Competition and cable TV

April 13, 1993

The first fruits of the cable TV bill passed last year are starting to ripen. Armed with new authority, the Federal Communications Commission has decreed what the cable industry so desperately tried to stave off: a rollback of rates. It will be months before cable viewers see any impact in their monthly bills, but before the next TV season gets under way, many will be paying roughly 10 percent less for all but premium services. Local governments have to trigger the process that would force the charges down, so the timing will vary from place to place.

What won't vary is a national benchmark of "reasonable" charges. They will be based on those rare, blessed areas that have competitors wooing subscribers. Almost invariably such areas have much lower rates -- about one-third less -- than the 99 percent of the nation where monopoly reigns.

A sample of what local subscribers may expect can be found in northern Anne Arundel County, where two companies -- North Arundel Cable and Jones Intercable -- compete at rates substantially cheaper than are charged in neighboring areas. They also offer subscribers much more for their money.

Ironically, the FCC's forcing of competitive standards onto the cable TV industry comes at a time when it faces a new era of competition. Another great leap in technological change in the communications world is in the offing. The clear distinctions between cable TV and other electronic information services like telephones are starting to blur. By the end of this decade they may no longer exist.

Cable companies may offer the sort of communications we now look to telephones for, and the telephone companies may offer the sort of entertainment and information we now seek on cable TV. Properly channeled, that sort of competition can do more for the consumer than any government regulation.

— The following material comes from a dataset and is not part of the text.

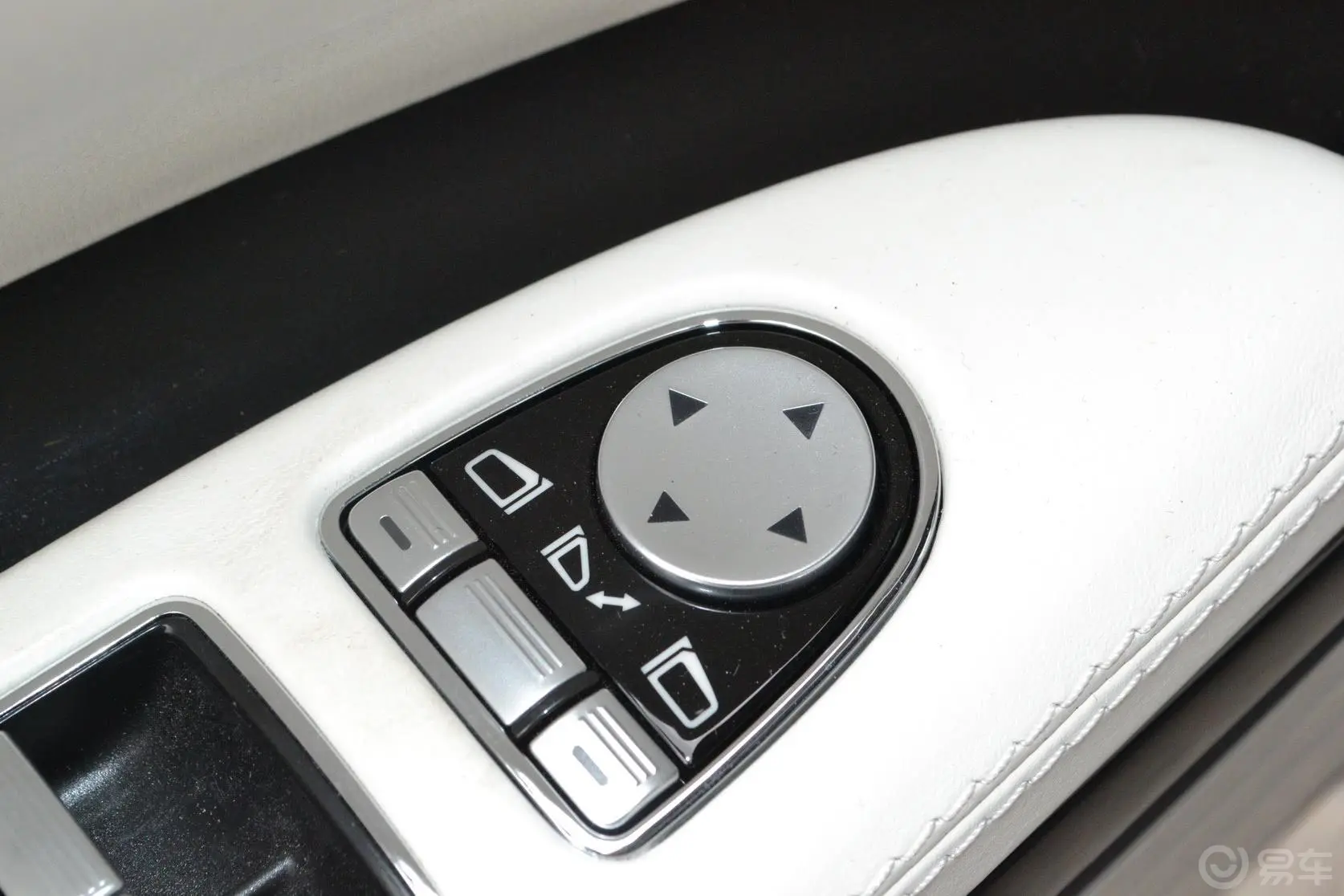 奔驰S级S600L Grand Edition designo外后视镜控制键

In the meantime, competition must be forced on the cable TV industry. The prospect of lower rates does not seem to be inhibiting its development of vastly more sophisticated electronic switching systems and fiber cables, which expand transmission capacities almost infinitely. Rather than discouraging prospective customers with high rates, the cable people may find themselves softening up the market for the next generation of services, almost in spite of themselves.